THE HOMERIC VIEW OF THE FUTURE STATE.

(From "Juventus Mundi.")

THE picture of the future state of man in Homer is eminently truthful as a representation of a creed which had probably fallen into dilapidation, and of the feelings which clustered about it: and it is perhaps unrivaled in the perfectly natural but penetrating force with which it conveys the effect of dreariness and gloom. It does not appear to be in all respects coherent and symmetrical; and while nothing betokens that this defect is owing to the diversity of the sources from which the traditions are drawn, it is such as might be due to the waste wrought by time and change on a belief which had at an earlier date been selfconsistent.

The future life, however, is in Homer used with solemnity and force as a sanction of the moral laws, especially in so far as the crime of perjury is concerned. The Erinnues dwell in the Underworld, and punish perjurers. As the Erinnues are invoked with reference to other offenses, we may therefore presume them also to have been punishable in the Underworld. The world to come is exhibited to us by Homer in three divisions:

I. There is the Elysian Plain, apparently under the government of Rhadamanthus, to which Menelaos will be conducted -or rather, perhaps, translated-in order to die there; not for his virtues, however, but because he is the husband of Helen, and so the son-in-law of Zeus. The main characteristic of this abode seems to be easy and abundant subsistence, with an atmosphere free from the violence of winter, and from rain and snow. Okeanos freshens it with zephyrs; it is therefore apparently on the western border of the world. Mr. Max Müller conjectures that Elysiam (λvlov) may be a name simply expressing the future. The whole conception, however, may be deemed more or less ambiguous inasmuch as the Elysian state is antecedent to death.

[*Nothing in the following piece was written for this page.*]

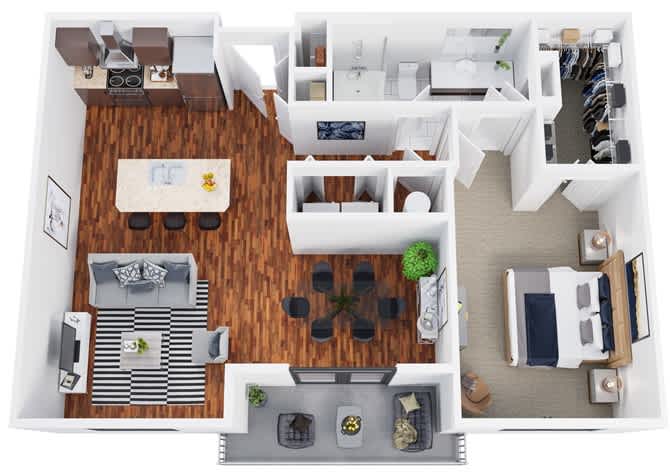 Floor plan A7, the Childress: 1 bedroom, 1 bathroom, 835 square feet. A corner home with two exposures, so the living room holds light through the afternoon.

II. Next comes the Underworld proper - the general receptacle of human spirits. It nowhere receives a territorial name in Homer, but is called the abode of Aïdes, or of Aïdes

and Persephone. Its character is chill, drear, and dark; the very gods abhor it. Better serve for hire, even for a needy master, says the Shade of Achilles, than to be lord over the Dead. It reaches, however, under the crust of the earth; for in the "Theomachy," Aïdoneus dreads lest the earthquake of Poseidon should lay open his domain to gods and men. Minos administers justice among the dead as a king would on earth. But they are in general under no penal infliction. Three cases alone are mentioned as cases of suffering: those of Tituos, Tantalos, and Sisuphos. The offense is only named in the case of Tituos; it was violence offered to the goddess Leto. Heracles suffers a strange discerption of individuality; for his Eidolon or "Shade," moves and speaks here, while "he himself is at the banquets of the Immortals." Again Castor and Pollux are here, and are alive on alternate days, while they enjoy on earth the honors of deities. Here, then, somewhat conflicting conditions appear to be combined. Within the dreary region seems to be a palace, which is in a more special sense the residence of its rulers. The access to the Underworld is in the far East, by the Ocean River, at a full day's sail from the Euxine, in the country of the cloud-wrapped Kimmerioi. From this point the way lies, for an indefinite distance, up the Stream, to a point where the beach is narrow, and where Persephone is worshiped in her groves of poplar and of willow.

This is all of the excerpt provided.